**Instructions to follow**
Taking the line with "dining area with" as the first and the line with "Detail view of" as the last, set down exactly every line in that range from the entries below, and no more.

Stored dataset items
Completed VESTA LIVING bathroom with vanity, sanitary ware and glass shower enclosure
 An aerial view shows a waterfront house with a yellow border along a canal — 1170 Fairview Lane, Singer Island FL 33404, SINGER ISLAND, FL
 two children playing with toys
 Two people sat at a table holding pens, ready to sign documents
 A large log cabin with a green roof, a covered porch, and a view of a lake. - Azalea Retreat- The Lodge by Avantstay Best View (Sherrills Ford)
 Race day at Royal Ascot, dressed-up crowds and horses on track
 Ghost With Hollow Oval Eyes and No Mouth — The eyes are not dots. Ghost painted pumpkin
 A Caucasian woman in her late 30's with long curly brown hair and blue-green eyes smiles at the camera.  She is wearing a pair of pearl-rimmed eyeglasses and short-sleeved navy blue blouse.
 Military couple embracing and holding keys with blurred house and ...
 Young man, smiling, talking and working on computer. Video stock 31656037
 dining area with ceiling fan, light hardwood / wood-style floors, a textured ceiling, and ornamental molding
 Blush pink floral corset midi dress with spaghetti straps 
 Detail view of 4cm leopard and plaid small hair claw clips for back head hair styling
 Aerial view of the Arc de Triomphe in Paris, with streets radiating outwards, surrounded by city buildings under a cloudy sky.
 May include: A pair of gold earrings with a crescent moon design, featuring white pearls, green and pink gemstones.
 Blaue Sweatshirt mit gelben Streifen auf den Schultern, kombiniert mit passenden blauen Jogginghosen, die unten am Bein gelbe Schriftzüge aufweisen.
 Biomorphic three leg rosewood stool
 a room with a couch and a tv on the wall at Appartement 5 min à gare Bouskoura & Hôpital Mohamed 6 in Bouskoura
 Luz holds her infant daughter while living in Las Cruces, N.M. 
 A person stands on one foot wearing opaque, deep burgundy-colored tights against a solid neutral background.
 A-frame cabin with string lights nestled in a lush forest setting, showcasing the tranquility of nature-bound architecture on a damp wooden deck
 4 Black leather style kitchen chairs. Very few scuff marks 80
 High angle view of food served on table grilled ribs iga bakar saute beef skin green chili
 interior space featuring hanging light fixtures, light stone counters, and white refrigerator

**Answer section**
 dining area with ceiling fan, light hardwood / wood-style floors, a textured ceiling, and ornamental molding
 Blush pink floral corset midi dress with spaghetti straps 
 Detail view of 4cm leopard and plaid small hair claw clips for back head hair styling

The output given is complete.